The Planning Commission is set to enact a study session that will examine the details and possibilities of the $195M Broadway Block project that could take up the eastern edge of Long Beach Blvd. between Broadway and 3rd Street (right next to the very uninspiring lofts being built at the northwest corner of Broadway and Elm in DTLB).
The massive project includes a 295-foot, 21-story high rise that will bring 187 new units in the Downtown along with a seven-story mid-rise that will bring 205 new residential units online.
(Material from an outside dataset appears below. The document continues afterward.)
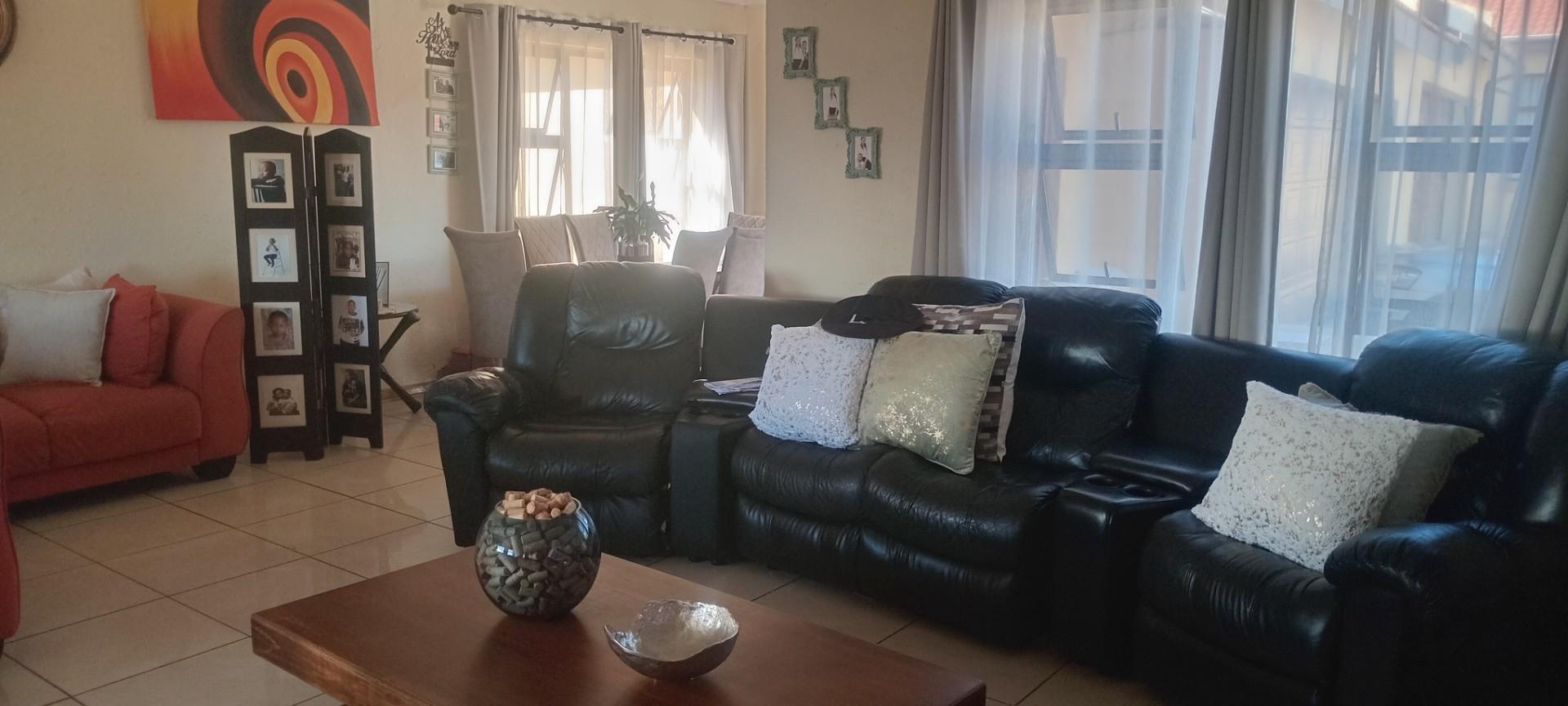 Townhouse for rent in Aviary Hill, Newcastle, KwaZulu Natal, 3, Lesedi place, 51 Nagtegal, Aviary Hill, Newcastle, KwaZulu Natal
In this space also sits the revered-but-shuttered Acres of Books, which developer Cliff Ratkovich of Ratkovich Properties said would not only be adaptively reused for the project but also brought into the project “to create a one-of-a-kind culture and spirit.” Ratkovich boasts that the adaptive reuse of Acres of Books will prove to be the “first of its kind in DTLB.”
That one-of-a-kind project? Harkening to the building’s 1930s origins as an automobile showroom—with possible plans to refurbish it to the height of its old-school beauty—and convert it into a restaurant and a market with a large dining patio separating the two.
Details remain limited but echoes my suggestion that DTLB bring something similar to DTLA’s Grand Central Market inside one of its larger-but-abandoned spaces. (I proposed the former Walmart but this works just as well.)
According to proposals, 3,400 sq. ft. of the western portion of the building facing Long Beach Blvd. will be built out as a restaurant space while 6,200 sq. ft. of its western portion will be set aside for the market. In between these two space will be an open-air, 2,400 sq. ft. patio for shoppers and diners alike to share.
The property was transferred to Broadway Block LLC for $7.8M in an unanimous vote during the Long Beach City Council meeting in July of last year. The development, a partnership between Ratkovich Properties LLC, Urbana LLC, and The Owl Companies.
The 3rd Street portion will have a 21-story residential while the Broadway stretch will have a seven-story structure. Combined, the project will bring 392 residential units to the Downtown area (previously 375), 5,773 square feet of creative office space, 3,873 square feet of flex space, 6,012 square feet of loft space, 1,311 square feet of ArtExchange space and 3,200 square feet of university space.
Even more, the project garnered attention last year for the fact that it would build affordable units for Cal State Long Beach graduate students in the structure aligned for Broadway. That 2,500 sq. ft. for the university will be include an art gallery on top of housing space for the university’s arts faculty and students.
Updated renderings show the geometric rooftop of the pyramid-like façade of the southwest corner, mirrored squares that permit the plebeians to look up toward swimmers with jealousy and a sense of voyeurism, and a sea of almost entirely white folks. (Please work on that, renderers.)
Total parking requirements for the site are 511 spaces but 524 spaces are included in the current proposal.
Construction was expected to begin summer of 2018 but has now been pushed to the beginning of 2019.